An old hooker held his arm at the elbow’s crook. Her makeup was
thick and her hair was blond. In another life she had been a
teacher. Sager walked behind them, almost an afterthought. His skin
had returned to its normal, ruddy color.
A group of young
men with blurred, ecstatic faces tumbled from the casino in an
abstract wash of color. They were shouting and free, they had come
for summer games and refused to leave. They looked at the strange
trio and laughed and snickered and whispered among themselves. And
brushed past on the sidewalk, jarring the old man’s shoulder.
One of them yelled
in surprise. “What the fuck! He cut me!”
The others gathered
around. “He didn’t cut you. That’s no cut, man, it’s barely
bleeding. It looks like something got under your skin.”
William smiled, old
teeth like dried corn kernels. And turned and limped away with his
companion. Craig wasn’t told to follow and had fleeting thoughts of escape. He looked back and forth, a widening gulf between the
two small groups. And hastened after William.
“Look, just make
it stop for a little while. I’m down with Tawny Kitaen and
Saskatchewan. I like retro textiles. I am interested in interpersonal relationships. The season’s months away, just
put me on the shelf? Please?”
The old prostitute
stood and listened. She turned empathetic eyes toward the old junkie,
nodding her head. William pushed his fedora off his forehead and
contemplated the plea.
“I will think
about it.”
Craig nodded.
“Good, that’s all I ask. Think about it.”
William made a fist
with his old rheumatoid knuckles. Craig grimaced and closed his eyes,
waiting for the pain. Nothing. Finally, he opened his eyes again. He
was sitting on the patio in Scottsdale with Anne, evening floating up off the 14th green. Mixed grill meats were sizzling inside the
Broil Master. He closed his eyes against the pain. Why wouldn’t it
stop?
Anne swirled the
ice cubes in her glass and smiled. “It’s not so bad, is it? The
children have been caught up in the ungodly pageantry all evening. They'll be wanting to play.”
He could hear their
voices from inside, mixed with sound of television. The noise of a
crowd, and strains of music. Something far off stirred, he was
conscious of the hairs on the back of his creased neck.
“Daddy, daddy,
they’re marching now!”
He hoisted his
rayon bulk out of the Adirondack chair, and made his way inside. The
big screen television showed a serpentine parade, the athletes of
many nations. The children stood, transfixed by something that was
new to them but somehow ingrained. Chipper’s face was glowing as he
watched. His sister turned from the television, young and hopeful.

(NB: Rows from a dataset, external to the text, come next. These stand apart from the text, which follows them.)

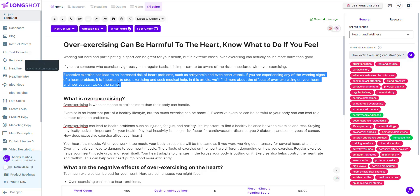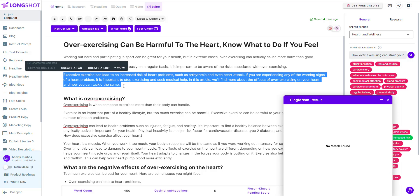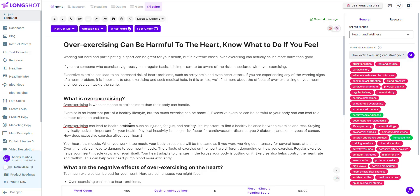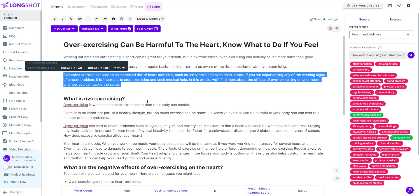Longshot uses Copyscape to check for any plagiarism. As you can see, no match found. Use it for any paragraph or for your whole content piece — a pretty decent feature.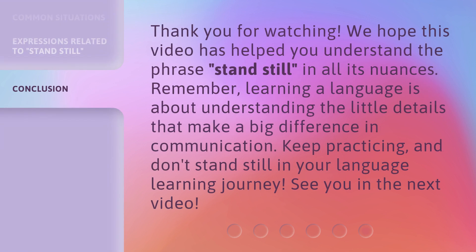Thank you for watching. We hope this video has helped you understand the phrase 'stand still' in all its nuances. Remember, learning a language is about understanding the little details that make a big difference in communication. Keep practicing, and don't stand still in your language learning journey. See you in the next video.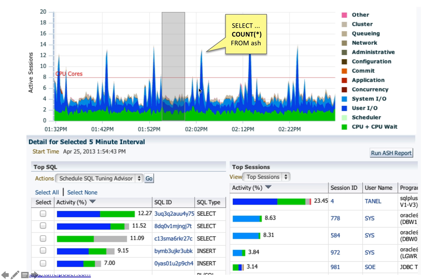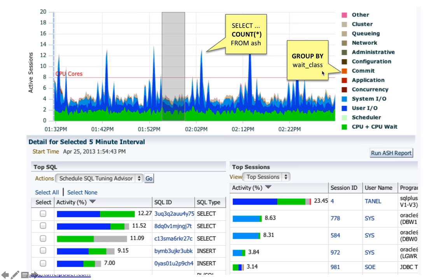Some of this time is spent on disk I/O — you see the User I/O wait class — and a bit of time is spent on CPU. Basically this is just a group by wait class: you go to the active session history view, group by wait class, and this is what you get.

She looked at her father. “Do you think Grammy and Grampy are
watching?”
A smile finally
came over Craig’s face, warm, simple, and genuine. “I bet they
are, Bunny Bear. I bet they are.” The music morphed as his people
came into view, a wash of red jackets. He stood taller, and placed
his hand over his heart. “O Canada!”
Anne had walked in
from outside, her ex-dancer’s walk. “Batavia, Craig. You’re from
Batavia, Illinois for God’s sake.”
He closed his eyes,
and his mouth set once again, the crevices deepening.
***
The wagon bumped
along, the first dandelions scratching up through buckled sidewalk.

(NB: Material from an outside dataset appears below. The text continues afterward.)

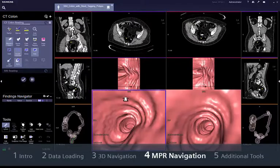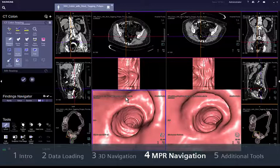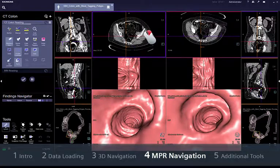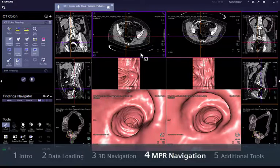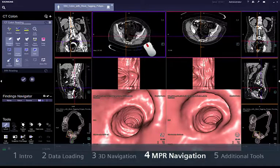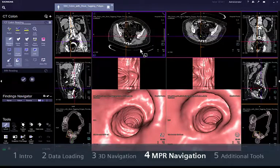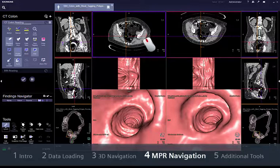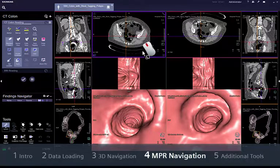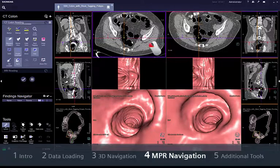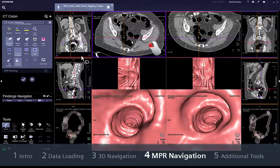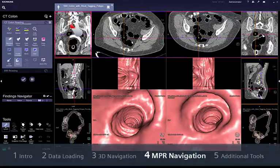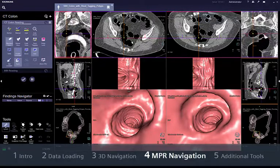NPR segments are also synchronised to display the lumen of the colon in the same position. You can navigate by dragging the right mouse button vertically or scrolling the mouse wheel. Window corrections can be done by dragging the middle mouse button vertically and horizontally. The left mouse button allows you to zoom when the cursor is in the periphery of the segment, or to pan when the cursor is in the centre.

Salt air, cut green grass. The boy bent down and picked some of the
bright yellow flowers. His mother would like them. Something stuck
him and he instinctively put his hurt finger into his mouth. At home
in the kitchen, he showed it to her. She was tall and willowy then,
and clear of mind.
“It looks like
something tiny under your skin. You must have pinched a nettle. I can
get it out for you. It’ll only hurt for just a moment.”
He shook his head
vigorously. His mother smiled at him.
“It’ll just
have to fester and work its way out then. Unless it’s a seed and it
grows into something big! Like a beanstalk!”
His eyes widened.
His mother hugged him, to show that she was joking.
“I’m going to
get started on dinner, Daddy will be home soon. Are you going to your
room to read?”
The boy nodded, and
turned, and walked toward the stairs.